### Records provided

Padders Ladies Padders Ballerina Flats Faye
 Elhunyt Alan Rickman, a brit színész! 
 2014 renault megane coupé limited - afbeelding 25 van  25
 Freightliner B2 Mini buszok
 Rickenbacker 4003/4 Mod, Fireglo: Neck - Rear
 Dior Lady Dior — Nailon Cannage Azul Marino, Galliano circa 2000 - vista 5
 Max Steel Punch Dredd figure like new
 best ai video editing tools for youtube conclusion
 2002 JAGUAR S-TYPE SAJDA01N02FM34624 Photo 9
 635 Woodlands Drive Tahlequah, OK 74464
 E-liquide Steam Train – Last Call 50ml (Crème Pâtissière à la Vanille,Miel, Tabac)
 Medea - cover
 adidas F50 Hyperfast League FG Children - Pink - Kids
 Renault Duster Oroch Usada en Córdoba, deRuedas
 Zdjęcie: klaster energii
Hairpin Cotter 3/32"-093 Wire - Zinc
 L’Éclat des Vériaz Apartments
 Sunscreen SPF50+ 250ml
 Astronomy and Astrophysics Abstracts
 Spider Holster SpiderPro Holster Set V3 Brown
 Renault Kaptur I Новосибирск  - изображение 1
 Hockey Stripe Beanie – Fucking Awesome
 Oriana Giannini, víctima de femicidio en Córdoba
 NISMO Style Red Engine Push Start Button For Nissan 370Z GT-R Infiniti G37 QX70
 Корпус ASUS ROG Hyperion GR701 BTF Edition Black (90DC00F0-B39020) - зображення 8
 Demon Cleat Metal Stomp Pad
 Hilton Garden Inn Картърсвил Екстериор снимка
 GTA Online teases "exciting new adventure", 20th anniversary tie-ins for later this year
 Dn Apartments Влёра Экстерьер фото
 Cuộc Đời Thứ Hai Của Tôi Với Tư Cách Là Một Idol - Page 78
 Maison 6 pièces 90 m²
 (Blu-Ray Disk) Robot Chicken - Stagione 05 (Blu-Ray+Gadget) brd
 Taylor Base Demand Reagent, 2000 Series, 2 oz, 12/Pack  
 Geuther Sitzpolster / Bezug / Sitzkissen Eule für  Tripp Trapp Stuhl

### Required action
Return all of the above records exactly, leaving no line out.

### Response to this exercise
Padders Ladies Padders Ballerina Flats Faye
 Elhunyt Alan Rickman, a brit színész! 
 2014 renault megane coupé limited - afbeelding 25 van  25
 Freightliner B2 Mini buszok
 Rickenbacker 4003/4 Mod, Fireglo: Neck - Rear
 Dior Lady Dior — Nailon Cannage Azul Marino, Galliano circa 2000 - vista 5
 Max Steel Punch Dredd figure like new
 best ai video editing tools for youtube conclusion
 2002 JAGUAR S-TYPE SAJDA01N02FM34624 Photo 9
 635 Woodlands Drive Tahlequah, OK 74464
 E-liquide Steam Train – Last Call 50ml (Crème Pâtissière à la Vanille,Miel, Tabac)
 Medea - cover
 adidas F50 Hyperfast League FG Children - Pink - Kids
 Renault Duster Oroch Usada en Córdoba, deRuedas
 Zdjęcie: klaster energii
Hairpin Cotter 3/32"-093 Wire - Zinc
 L’Éclat des Vériaz Apartments
 Sunscreen SPF50+ 250ml
 Astronomy and Astrophysics Abstracts
 Spider Holster SpiderPro Holster Set V3 Brown
 Renault Kaptur I Новосибирск  - изображение 1
 Hockey Stripe Beanie – Fucking Awesome
 Oriana Giannini, víctima de femicidio en Córdoba
 NISMO Style Red Engine Push Start Button For Nissan 370Z GT-R Infiniti G37 QX70
 Корпус ASUS ROG Hyperion GR701 BTF Edition Black (90DC00F0-B39020) - зображення 8
 Demon Cleat Metal Stomp Pad
 Hilton Garden Inn Картърсвил Екстериор снимка
 GTA Online teases "exciting new adventure", 20th anniversary tie-ins for later this year
 Dn Apartments Влёра Экстерьер фото
 Cuộc Đời Thứ Hai Của Tôi Với Tư Cách Là Một Idol - Page 78
 Maison 6 pièces 90 m²
 (Blu-Ray Disk) Robot Chicken - Stagione 05 (Blu-Ray+Gadget) brd
 Taylor Base Demand Reagent, 2000 Series, 2 oz, 12/Pack  
 Geuther Sitzpolster / Bezug / Sitzkissen Eule für  Tripp Trapp Stuhl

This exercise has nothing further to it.